British thriller writer Frederick Forsyth revealed he had conducted missions for intelligence service MI6 in extracts from his autobiography published Sunday.
Forsyth, whose bestsellers include "The Day Of The Jackal", told of how he had assisted Britain's overseas spying agency in the Nigerian region of Biafra, East Germany, Rhodesia and South Africa.
While working as a journalist in 1968, he was approached by an MI6 man called "Ronnie" who wanted "an asset deep inside the Biafran enclave" where there was a civil war between 1967 and 1970.
"When I left for the return to the rainforest, he had one," Forsyth wrote in his memoirs "The Outsider", extracts of which were published by The Sunday Times ahead of its publication next month.

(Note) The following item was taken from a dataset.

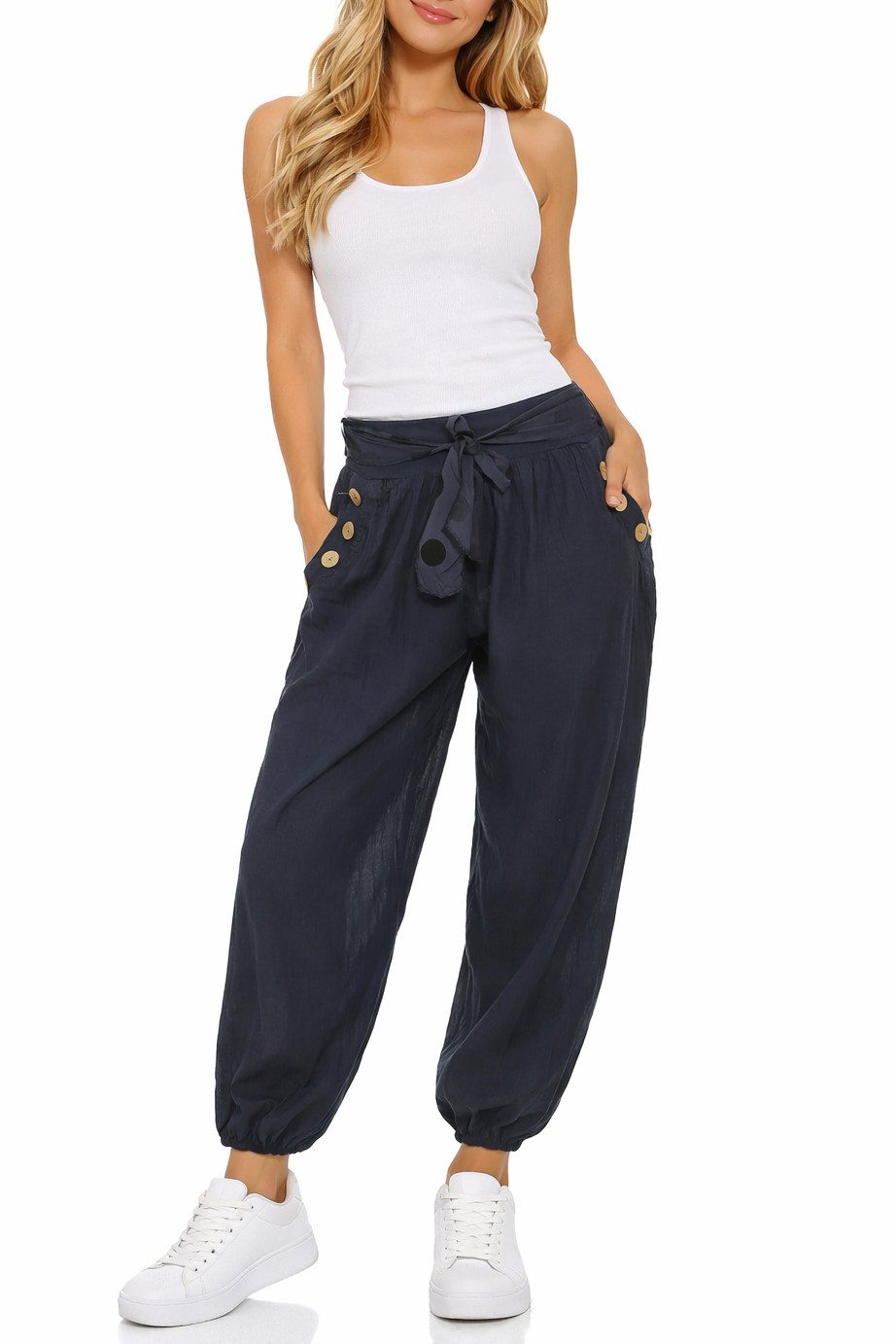 Mississhop Haremshose Leichte Baumwollhose einfarbige Hose Sommerhose Aladinhose M. 270 in Unifarbe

While Forsyth was there, he reported on the military and humanitarian situation while keeping "Ronnie informed of things that could not, for various reasons, emerge in the media".
Then, in 1973, Forsyth was asked to conduct a mission for MI6 in communist East Germany.
"Their proposal was simple. There was an asset, a Russian colonel, working for us deep inside East Germany and he had a package that we needed brought out," he wrote.
Forsyth said he drove his Triumph convertible to Dresden and received the package from the Russian colonel in the toilets of the Albertinum museum.
In Rhodesia in the 1970s, he was asked to gauge the intentions of the then government while in the 1980s, he was asked to find out what the government planned to do with its nuclear weapons in the post-apartheid transfer of power to the African National Congress (ANC).
In return for his missions, Forsyth added that members of MI6 helped him with research for his books.
"I had a number to ring. I would have a lunch at the club, I'd ask is it OK?" he wrote. "They would check with their superiors."
Forsyth, 77, has written over 20 novels and sold over 70 million books worldwide.